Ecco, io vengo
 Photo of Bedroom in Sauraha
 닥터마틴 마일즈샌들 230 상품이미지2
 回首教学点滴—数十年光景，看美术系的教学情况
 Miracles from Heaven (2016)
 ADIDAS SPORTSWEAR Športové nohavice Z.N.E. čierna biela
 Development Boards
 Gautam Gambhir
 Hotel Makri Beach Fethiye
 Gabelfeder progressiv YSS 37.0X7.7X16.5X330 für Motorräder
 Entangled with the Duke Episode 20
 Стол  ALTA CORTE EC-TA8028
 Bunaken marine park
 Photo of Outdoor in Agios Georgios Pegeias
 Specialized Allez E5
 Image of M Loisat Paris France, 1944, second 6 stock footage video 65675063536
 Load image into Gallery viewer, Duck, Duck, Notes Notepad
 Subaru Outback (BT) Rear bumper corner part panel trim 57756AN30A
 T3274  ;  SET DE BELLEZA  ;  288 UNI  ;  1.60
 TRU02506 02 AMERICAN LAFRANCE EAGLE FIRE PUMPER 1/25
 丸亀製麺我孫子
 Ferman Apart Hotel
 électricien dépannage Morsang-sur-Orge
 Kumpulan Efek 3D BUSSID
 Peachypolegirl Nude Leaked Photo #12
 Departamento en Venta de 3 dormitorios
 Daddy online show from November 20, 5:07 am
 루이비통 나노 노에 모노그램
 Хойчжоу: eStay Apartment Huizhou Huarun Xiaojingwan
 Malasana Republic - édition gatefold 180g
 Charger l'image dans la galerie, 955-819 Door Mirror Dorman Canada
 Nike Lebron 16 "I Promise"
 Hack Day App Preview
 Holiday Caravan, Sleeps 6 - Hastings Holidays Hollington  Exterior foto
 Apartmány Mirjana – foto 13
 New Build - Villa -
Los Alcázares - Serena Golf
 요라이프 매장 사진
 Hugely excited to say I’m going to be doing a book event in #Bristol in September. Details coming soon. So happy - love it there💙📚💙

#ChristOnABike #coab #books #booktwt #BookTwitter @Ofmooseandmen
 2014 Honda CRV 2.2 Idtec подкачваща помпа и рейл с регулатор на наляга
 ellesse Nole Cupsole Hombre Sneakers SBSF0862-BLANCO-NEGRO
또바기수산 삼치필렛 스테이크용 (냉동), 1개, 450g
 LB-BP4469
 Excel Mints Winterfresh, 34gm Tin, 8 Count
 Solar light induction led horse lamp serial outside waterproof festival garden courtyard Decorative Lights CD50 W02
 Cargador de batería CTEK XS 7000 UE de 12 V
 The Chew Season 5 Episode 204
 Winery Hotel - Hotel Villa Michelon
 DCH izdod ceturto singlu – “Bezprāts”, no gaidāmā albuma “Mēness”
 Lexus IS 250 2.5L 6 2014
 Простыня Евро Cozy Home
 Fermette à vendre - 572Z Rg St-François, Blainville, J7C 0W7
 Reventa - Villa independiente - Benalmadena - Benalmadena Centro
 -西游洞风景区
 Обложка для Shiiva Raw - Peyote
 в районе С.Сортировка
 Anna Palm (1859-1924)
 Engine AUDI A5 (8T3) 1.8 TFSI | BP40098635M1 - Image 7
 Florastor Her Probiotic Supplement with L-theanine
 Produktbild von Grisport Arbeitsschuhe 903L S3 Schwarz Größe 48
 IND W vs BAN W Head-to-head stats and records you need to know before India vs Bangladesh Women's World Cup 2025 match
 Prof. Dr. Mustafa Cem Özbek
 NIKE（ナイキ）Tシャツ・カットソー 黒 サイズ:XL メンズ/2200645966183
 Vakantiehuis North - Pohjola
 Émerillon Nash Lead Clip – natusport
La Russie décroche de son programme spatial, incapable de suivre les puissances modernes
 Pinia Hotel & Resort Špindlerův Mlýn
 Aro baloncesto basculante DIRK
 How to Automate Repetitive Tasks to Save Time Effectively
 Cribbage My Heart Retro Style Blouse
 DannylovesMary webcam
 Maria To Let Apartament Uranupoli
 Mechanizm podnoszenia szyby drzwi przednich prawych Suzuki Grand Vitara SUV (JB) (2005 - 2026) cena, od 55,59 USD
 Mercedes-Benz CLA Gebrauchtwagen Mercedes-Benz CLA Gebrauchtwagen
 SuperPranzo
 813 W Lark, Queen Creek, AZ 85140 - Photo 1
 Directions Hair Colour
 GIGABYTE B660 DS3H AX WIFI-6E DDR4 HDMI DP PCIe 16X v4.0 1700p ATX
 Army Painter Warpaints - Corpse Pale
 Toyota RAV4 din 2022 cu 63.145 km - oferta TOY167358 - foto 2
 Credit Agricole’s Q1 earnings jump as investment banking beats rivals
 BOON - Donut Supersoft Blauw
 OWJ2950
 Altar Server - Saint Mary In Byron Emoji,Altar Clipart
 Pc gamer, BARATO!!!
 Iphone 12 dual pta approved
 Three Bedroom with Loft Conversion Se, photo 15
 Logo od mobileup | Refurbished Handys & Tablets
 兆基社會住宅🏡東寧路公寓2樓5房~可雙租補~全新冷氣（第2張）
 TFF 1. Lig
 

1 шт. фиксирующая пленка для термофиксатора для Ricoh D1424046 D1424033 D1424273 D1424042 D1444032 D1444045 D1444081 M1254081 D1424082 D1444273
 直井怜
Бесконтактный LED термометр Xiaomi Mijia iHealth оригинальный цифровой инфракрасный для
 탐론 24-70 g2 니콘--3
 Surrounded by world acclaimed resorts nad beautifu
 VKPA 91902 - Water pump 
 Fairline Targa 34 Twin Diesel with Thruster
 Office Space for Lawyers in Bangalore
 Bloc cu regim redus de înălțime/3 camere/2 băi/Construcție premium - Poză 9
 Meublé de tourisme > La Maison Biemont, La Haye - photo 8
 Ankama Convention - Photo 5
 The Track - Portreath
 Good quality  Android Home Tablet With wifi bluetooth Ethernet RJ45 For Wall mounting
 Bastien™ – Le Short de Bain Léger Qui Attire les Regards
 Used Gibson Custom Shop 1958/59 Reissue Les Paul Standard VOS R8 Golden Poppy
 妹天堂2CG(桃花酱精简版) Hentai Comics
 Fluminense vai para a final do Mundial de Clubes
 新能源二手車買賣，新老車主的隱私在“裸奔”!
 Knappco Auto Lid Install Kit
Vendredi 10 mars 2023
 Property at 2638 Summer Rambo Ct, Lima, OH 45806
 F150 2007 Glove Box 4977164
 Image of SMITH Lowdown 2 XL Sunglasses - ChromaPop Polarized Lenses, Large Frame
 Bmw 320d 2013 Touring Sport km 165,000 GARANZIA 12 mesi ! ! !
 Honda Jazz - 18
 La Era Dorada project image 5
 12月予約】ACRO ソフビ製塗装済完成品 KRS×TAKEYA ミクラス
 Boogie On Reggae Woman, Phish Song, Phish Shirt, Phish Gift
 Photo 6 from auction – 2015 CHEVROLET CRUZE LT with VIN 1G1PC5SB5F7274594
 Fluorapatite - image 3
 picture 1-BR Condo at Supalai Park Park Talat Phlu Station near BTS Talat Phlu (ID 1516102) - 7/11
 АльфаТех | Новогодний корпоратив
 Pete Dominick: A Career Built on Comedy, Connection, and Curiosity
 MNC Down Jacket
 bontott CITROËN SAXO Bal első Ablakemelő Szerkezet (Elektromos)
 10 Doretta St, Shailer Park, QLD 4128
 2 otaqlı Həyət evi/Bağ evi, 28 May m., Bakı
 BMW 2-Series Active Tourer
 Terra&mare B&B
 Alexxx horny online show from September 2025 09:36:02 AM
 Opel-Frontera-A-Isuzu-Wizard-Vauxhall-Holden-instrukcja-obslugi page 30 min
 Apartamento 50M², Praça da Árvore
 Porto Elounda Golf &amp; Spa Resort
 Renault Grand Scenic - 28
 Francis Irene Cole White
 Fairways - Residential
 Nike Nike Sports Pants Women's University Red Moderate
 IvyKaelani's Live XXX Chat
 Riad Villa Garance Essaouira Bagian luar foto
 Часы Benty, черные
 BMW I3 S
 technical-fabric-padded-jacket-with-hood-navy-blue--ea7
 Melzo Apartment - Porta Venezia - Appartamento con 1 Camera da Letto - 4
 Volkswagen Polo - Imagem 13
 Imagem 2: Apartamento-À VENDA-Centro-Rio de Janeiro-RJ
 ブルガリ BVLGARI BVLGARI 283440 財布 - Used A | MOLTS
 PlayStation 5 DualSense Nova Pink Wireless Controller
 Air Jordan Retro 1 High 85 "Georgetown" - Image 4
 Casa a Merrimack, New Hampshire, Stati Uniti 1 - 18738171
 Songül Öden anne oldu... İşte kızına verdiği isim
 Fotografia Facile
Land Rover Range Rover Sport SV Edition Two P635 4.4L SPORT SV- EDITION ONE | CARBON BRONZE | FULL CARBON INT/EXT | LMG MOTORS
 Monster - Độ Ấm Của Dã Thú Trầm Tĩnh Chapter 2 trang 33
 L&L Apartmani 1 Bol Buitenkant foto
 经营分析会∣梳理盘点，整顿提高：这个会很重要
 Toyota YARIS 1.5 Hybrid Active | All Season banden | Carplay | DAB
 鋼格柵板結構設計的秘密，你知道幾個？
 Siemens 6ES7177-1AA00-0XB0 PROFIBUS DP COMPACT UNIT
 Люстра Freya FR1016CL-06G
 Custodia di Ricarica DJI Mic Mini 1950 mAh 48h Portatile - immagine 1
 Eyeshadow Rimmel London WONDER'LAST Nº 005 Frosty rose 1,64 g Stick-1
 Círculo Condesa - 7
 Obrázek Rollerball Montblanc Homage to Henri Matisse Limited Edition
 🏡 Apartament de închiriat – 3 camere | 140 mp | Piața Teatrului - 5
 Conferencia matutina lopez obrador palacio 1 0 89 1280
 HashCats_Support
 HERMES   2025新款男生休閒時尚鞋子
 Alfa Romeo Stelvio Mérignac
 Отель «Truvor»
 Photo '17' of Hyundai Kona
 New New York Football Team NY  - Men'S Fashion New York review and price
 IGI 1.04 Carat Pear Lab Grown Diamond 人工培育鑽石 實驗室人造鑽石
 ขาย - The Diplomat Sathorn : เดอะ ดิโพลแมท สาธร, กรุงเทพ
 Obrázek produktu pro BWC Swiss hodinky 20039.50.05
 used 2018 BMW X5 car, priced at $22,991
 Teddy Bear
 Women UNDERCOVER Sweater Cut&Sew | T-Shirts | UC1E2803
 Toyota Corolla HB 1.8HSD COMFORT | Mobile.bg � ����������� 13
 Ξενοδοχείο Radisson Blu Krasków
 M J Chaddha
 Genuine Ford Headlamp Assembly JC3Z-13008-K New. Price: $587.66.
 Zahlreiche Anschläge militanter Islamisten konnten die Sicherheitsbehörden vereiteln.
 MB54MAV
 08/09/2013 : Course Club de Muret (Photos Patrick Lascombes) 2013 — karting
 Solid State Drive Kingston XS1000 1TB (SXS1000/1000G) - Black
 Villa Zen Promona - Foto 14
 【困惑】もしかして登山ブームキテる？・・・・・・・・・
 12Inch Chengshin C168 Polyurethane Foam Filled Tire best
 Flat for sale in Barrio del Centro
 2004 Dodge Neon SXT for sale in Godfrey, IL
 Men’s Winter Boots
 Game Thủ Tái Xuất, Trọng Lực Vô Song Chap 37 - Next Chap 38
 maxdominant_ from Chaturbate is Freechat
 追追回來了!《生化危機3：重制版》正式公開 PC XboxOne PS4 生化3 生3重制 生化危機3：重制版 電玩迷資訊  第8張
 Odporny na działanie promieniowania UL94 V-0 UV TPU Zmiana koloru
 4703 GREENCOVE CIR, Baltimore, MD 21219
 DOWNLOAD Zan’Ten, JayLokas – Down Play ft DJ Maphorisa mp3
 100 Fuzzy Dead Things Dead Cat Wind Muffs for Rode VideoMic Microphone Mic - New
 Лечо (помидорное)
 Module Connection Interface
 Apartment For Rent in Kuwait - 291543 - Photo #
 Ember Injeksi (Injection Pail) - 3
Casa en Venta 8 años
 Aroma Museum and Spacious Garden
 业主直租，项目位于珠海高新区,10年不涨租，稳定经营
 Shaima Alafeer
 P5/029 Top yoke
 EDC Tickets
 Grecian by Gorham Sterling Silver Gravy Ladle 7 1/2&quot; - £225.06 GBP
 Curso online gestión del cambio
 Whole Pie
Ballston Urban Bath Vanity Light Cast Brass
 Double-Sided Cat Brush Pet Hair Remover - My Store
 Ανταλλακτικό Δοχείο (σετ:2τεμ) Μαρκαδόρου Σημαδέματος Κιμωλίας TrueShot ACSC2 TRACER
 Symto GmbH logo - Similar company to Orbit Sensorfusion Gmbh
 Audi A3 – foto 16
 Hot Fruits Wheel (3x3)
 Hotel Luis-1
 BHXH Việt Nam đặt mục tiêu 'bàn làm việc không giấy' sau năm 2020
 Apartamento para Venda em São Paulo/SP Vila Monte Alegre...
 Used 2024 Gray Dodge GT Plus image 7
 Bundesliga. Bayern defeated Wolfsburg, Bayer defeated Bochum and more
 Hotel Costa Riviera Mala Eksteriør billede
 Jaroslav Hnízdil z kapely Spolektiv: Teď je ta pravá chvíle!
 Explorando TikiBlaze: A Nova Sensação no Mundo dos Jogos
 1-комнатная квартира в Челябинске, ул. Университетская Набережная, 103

-------

What do the lines from the one with "Ballston Urban Bath Vanity Light Cast Brass" through the last line of the entries say? Print them word for word, both ends included, and nothing else.

* [THE COMPLETED TASK]
Ballston Urban Bath Vanity Light Cast Brass
 Double-Sided Cat Brush Pet Hair Remover - My Store
 Ανταλλακτικό Δοχείο (σετ:2τεμ) Μαρκαδόρου Σημαδέματος Κιμωλίας TrueShot ACSC2 TRACER
 Symto GmbH logo - Similar company to Orbit Sensorfusion Gmbh
 Audi A3 – foto 16
 Hot Fruits Wheel (3x3)
 Hotel Luis-1
 BHXH Việt Nam đặt mục tiêu 'bàn làm việc không giấy' sau năm 2020
 Apartamento para Venda em São Paulo/SP Vila Monte Alegre...
 Used 2024 Gray Dodge GT Plus image 7
 Bundesliga. Bayern defeated Wolfsburg, Bayer defeated Bochum and more
 Hotel Costa Riviera Mala Eksteriør billede
 Jaroslav Hnízdil z kapely Spolektiv: Teď je ta pravá chvíle!
 Explorando TikiBlaze: A Nova Sensação no Mundo dos Jogos
 1-комнатная квартира в Челябинске, ул. Университетская Набережная, 103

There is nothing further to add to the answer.